ABOUT THIS TASK: With the pictures left out, write out exactly the lines of the listing below that run from the line with "Detection of LIPB" through the line with "Western blot analysis".

SOURCE DATA:
┏━━

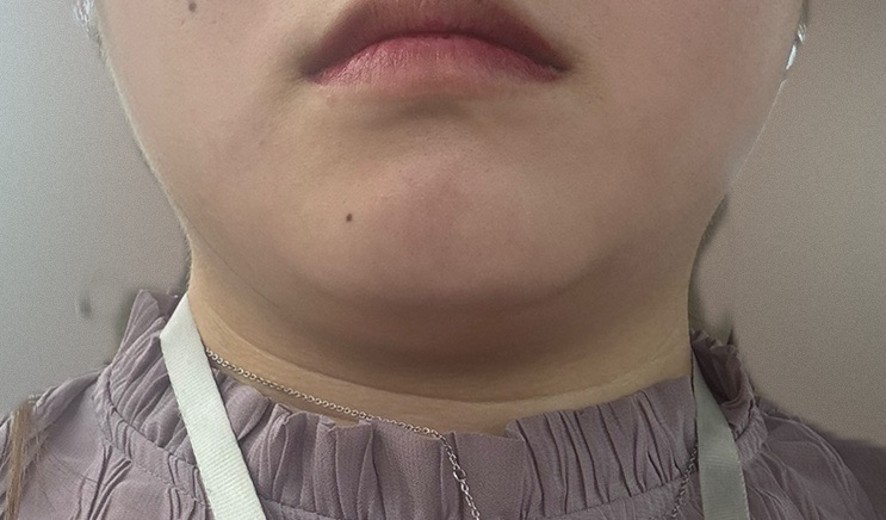 after photo: 脂肪溶解注射(顔)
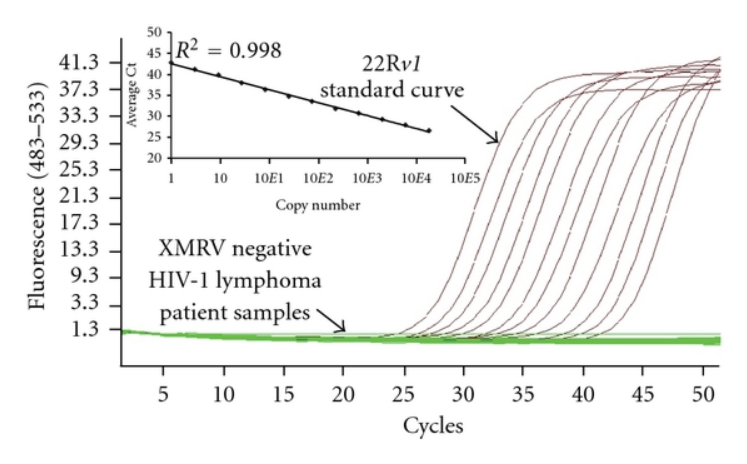 Xét nghiệm HIV sau 8 tuần có chính xác không? Xét nghiệm HIV sau 8 tuần có chính xác không?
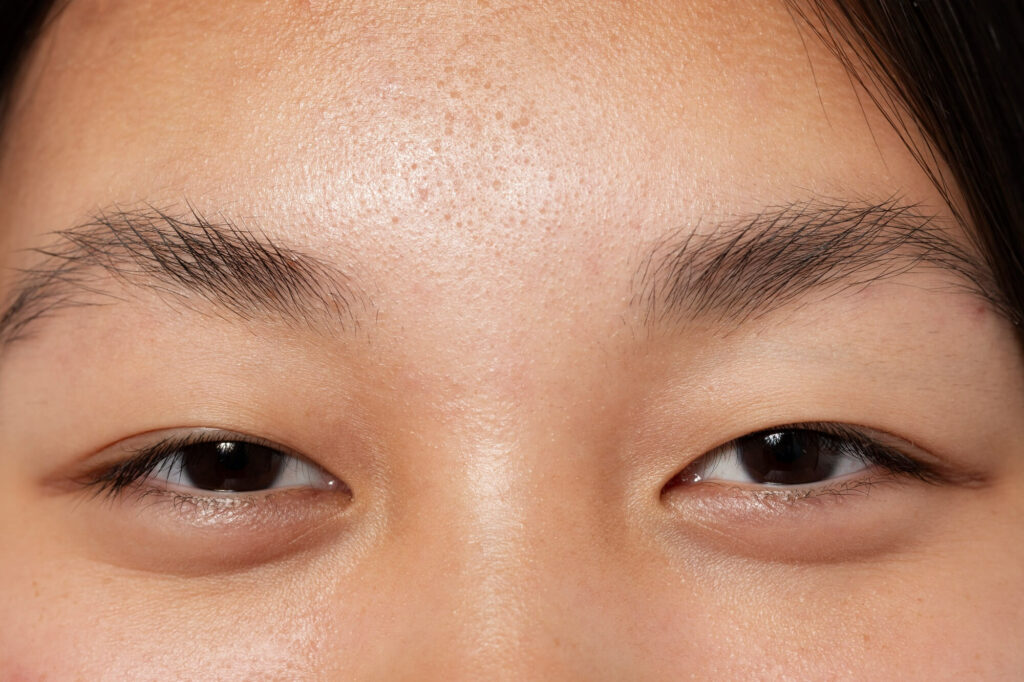 提眼瞼肌手術｜你有提眼瞼肌下垂嗎？打開你的眼睛，眼神亮起來！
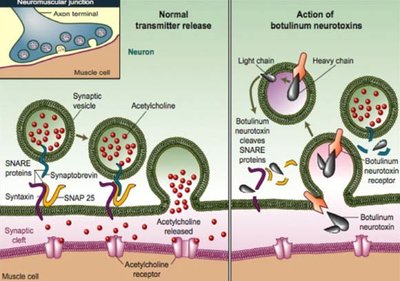 Diagram showing normal neurotransmitter release and blockage by botulinum toxin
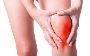 Knee Pain Treatment Specialists In NYC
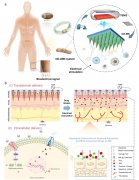 可穿戴自供电载药电子微针系统，用于炎症性皮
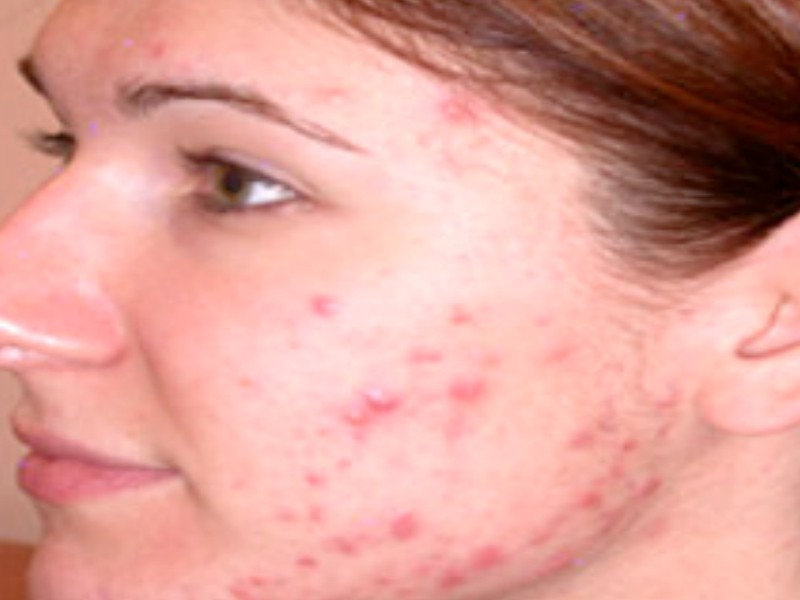common causes of acne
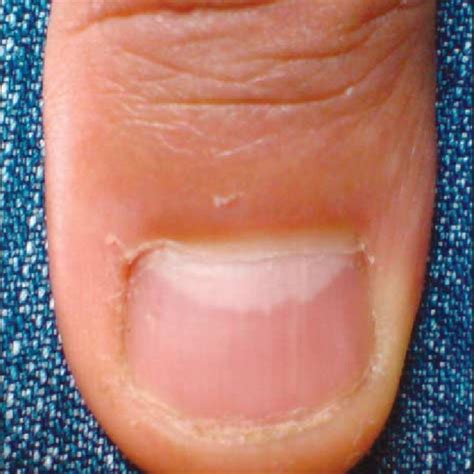 Onycholysis Oil Drop Discoloration Nail Bed Hyperkeratosis And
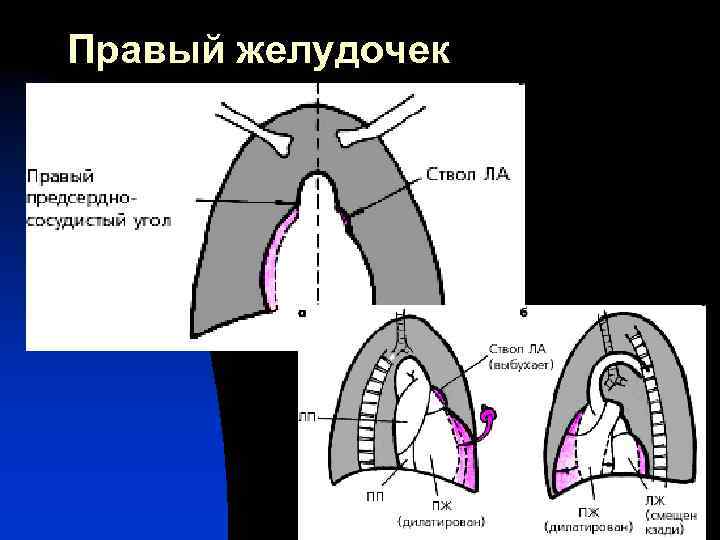 Правый желудочек 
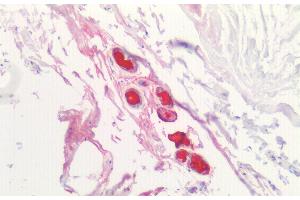 Detection of LIPB in Human Breast Tissue using Polyclonal Antibody to Lipophilin B, Prostatein Like (LIPB)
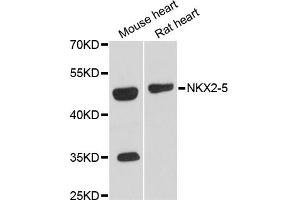Western blot analysis of extracts of various cell lines, using NKX2-5 antibody (ABIN6293408) at 1:3000 dilution. (NK2 Homeobox 5 antibody)
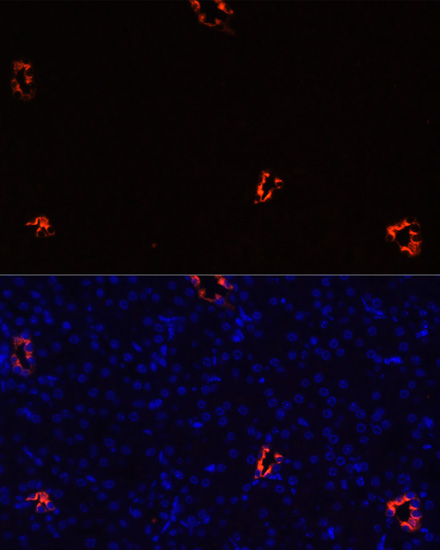 Anti-AQP2 Antibody (CAB16209)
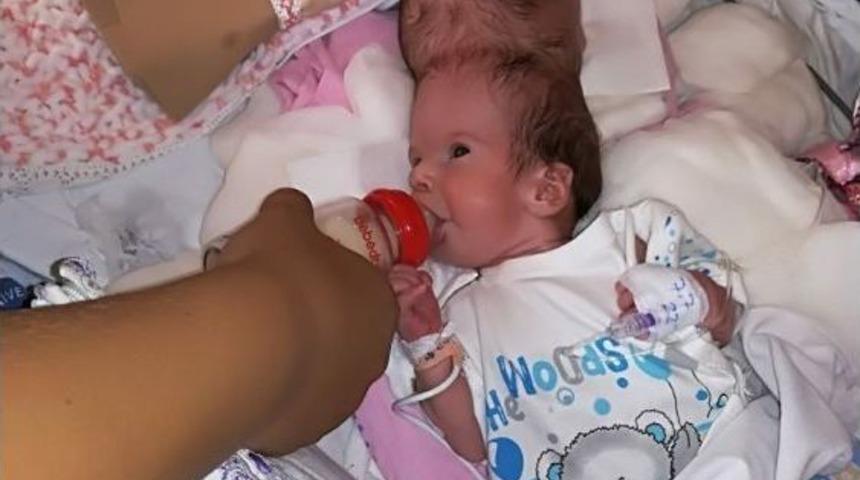 Antalya&rsquo;da Siyam İkizleri Biberonla Beslenmeye Başlandı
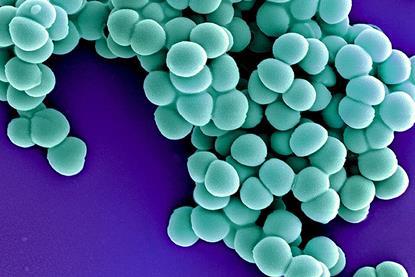 Methicillin-Resistant_Staphylococcus_Aureus_(MRSA)_Bacteria_colorized_scanning_electron_micrograph_-_22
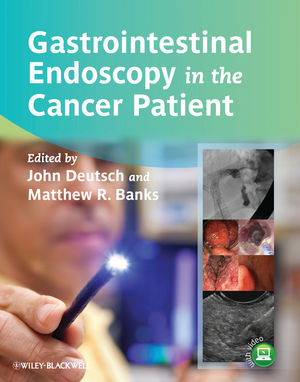Gastrointestinal Endoscopy in the Cancer Patient 2013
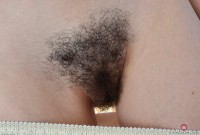 ATK hairy  in young and hairy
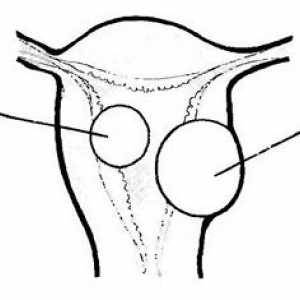 Хистероскопия в диагностиката и лечението на миома на матката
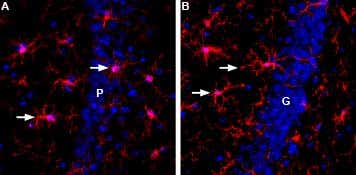 Anti-IBA1/AIF1 Antibody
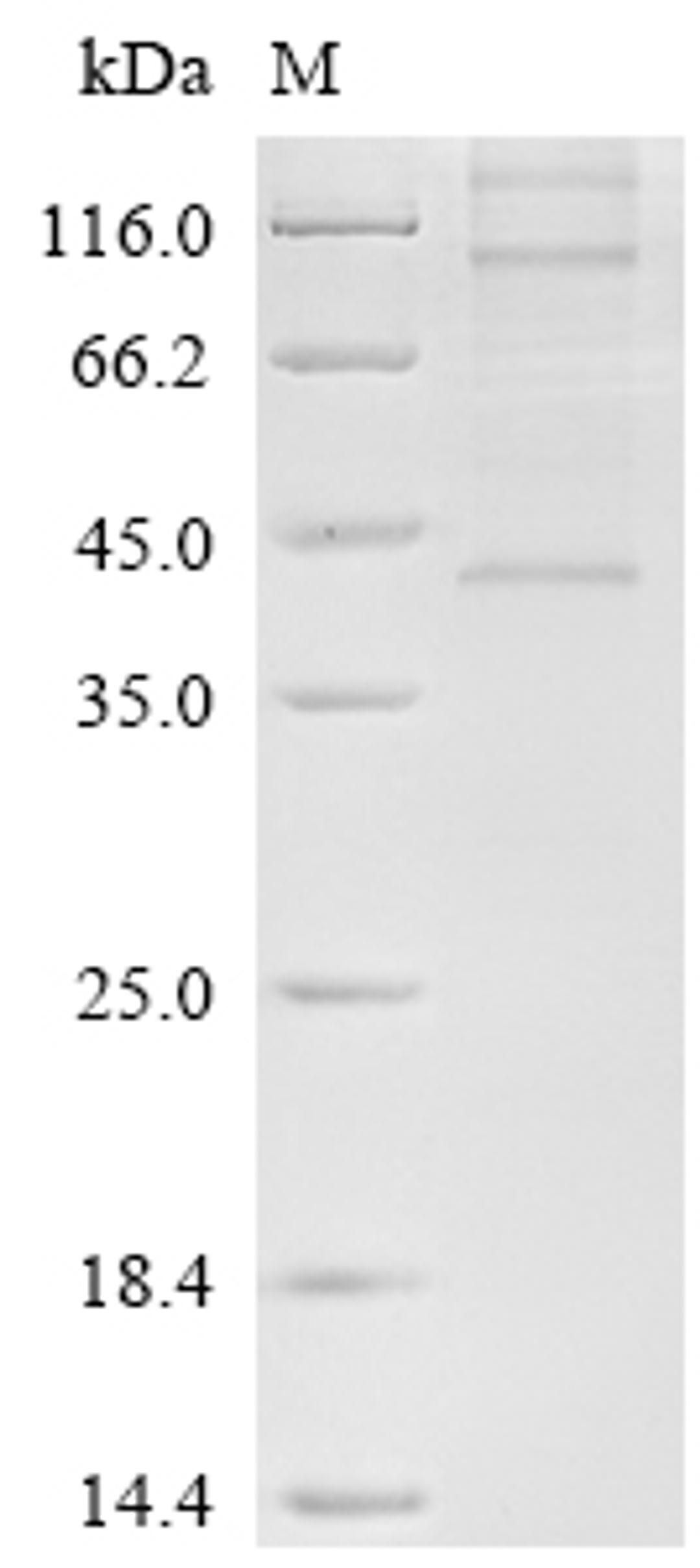 (Tris-Glycine gel) Discontinuous SDS-PAGE (reduced) with 5% enrichment gel and 15% separation gel.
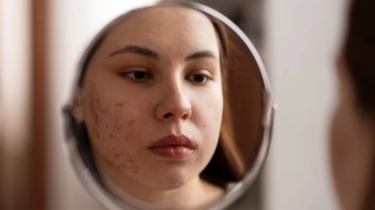 Dermatolog Sarankan Pakai Thermal Water untuk Jerawat dan Iritasi Kulit, Ini Alasannya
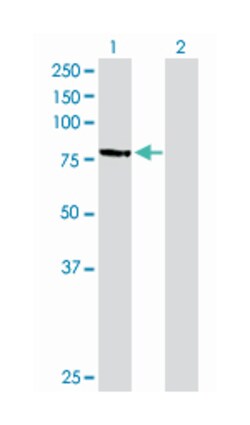 membrane protein, palmitoylated 3 (MAGUK p55 subfamily member 3), Rabbit,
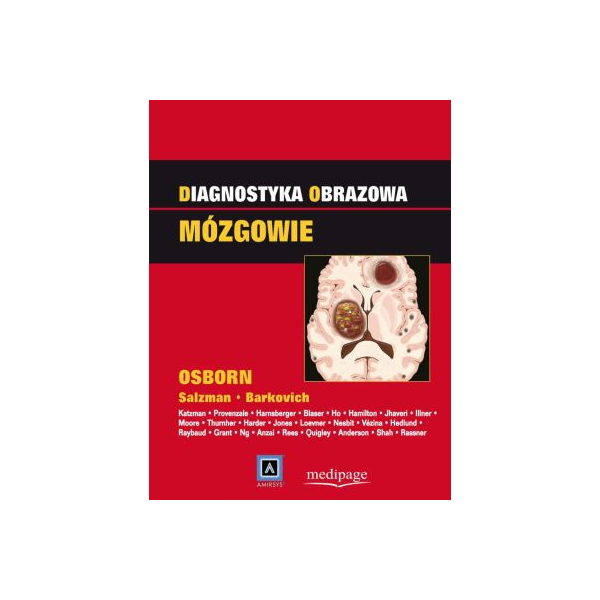 Diagnostyka obrazowa. Mózgowie Diagnostyka obrazowa. Mózgowie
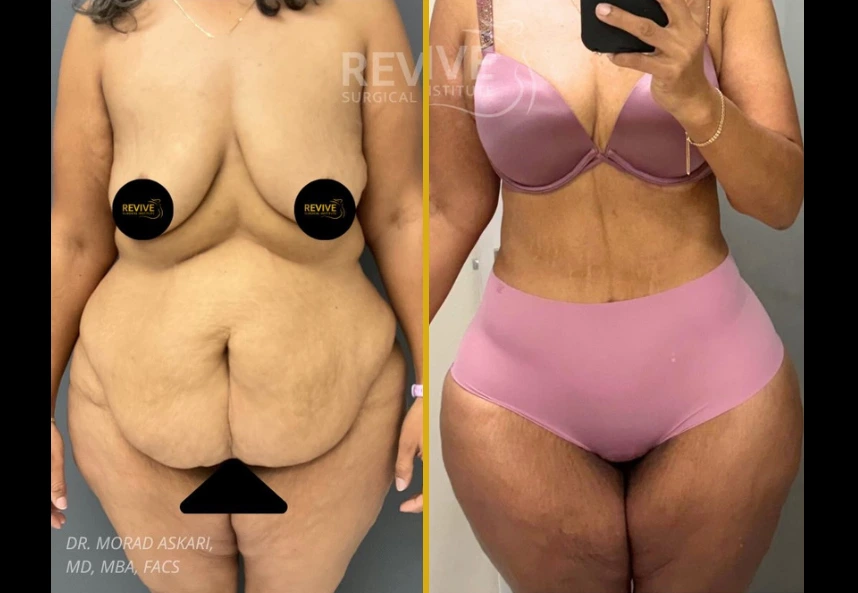Before and after case 21: patient's torso showing body contouring results after weight loss, by Dr. Morad Askari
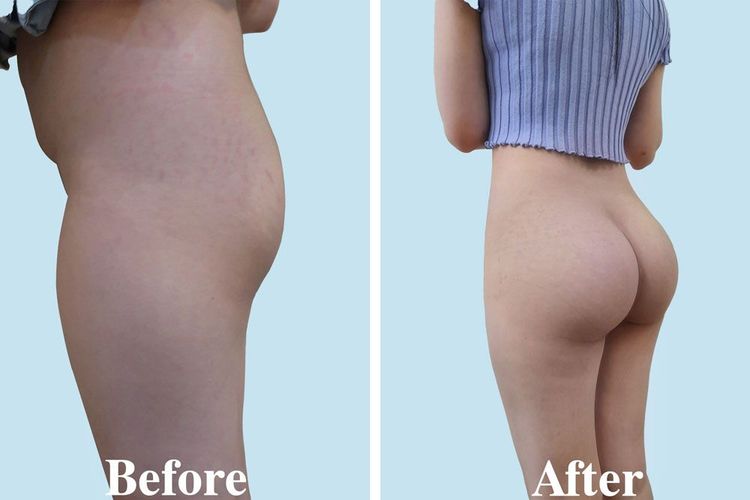 A 35-year-old client before and after 2 days of undergoing endoscopic butt lift and liposuction of the flanks.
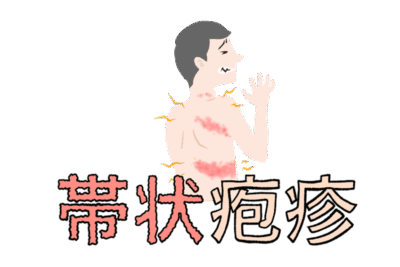 【要注意】帯状疱疹の激痛は「骨折より痛い」— 著名人の体験に学ぶ、後遺症（帯状疱疹後神経痛）を防ぐ「72時間の壁？」と専門治療についてのアイキャッチ画像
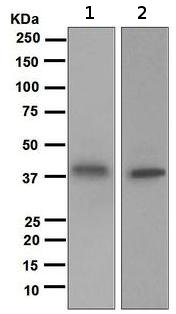 Western blot - Anti-Galectin 8/Gal-8 antibody [EPR4857] (AB109519), expandable thumbnail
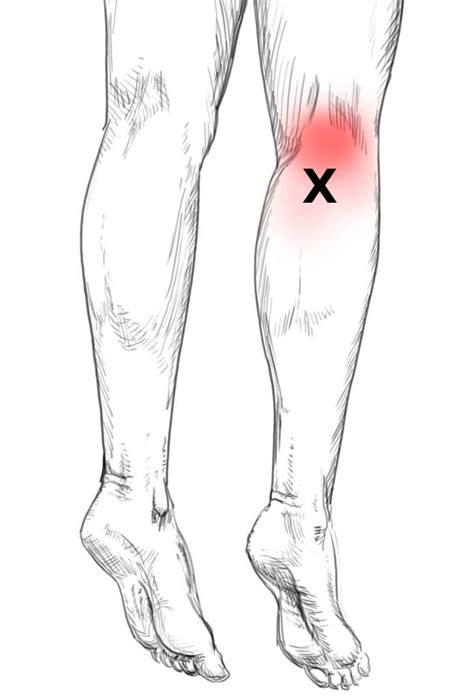 Popliteus – Pain & Trigger Points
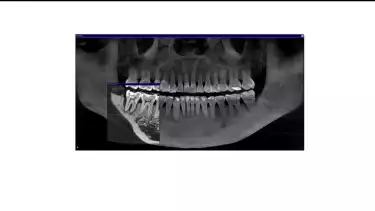 Gigi goyang adalah salah satu masalah kesehatan gigi yang sering dianggap sepele, padahal bisa berdampak besar pada kualitas hidup seseorang.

┗━━

OUTPUT OF THE TASK:
 Detection of LIPB in Human Breast Tissue using Polyclonal Antibody to Lipophilin B, Prostatein Like (LIPB)
Western blot analysis of extracts of various cell lines, using NKX2-5 antibody (ABIN6293408) at 1:3000 dilution. (NK2 Homeobox 5 antibody)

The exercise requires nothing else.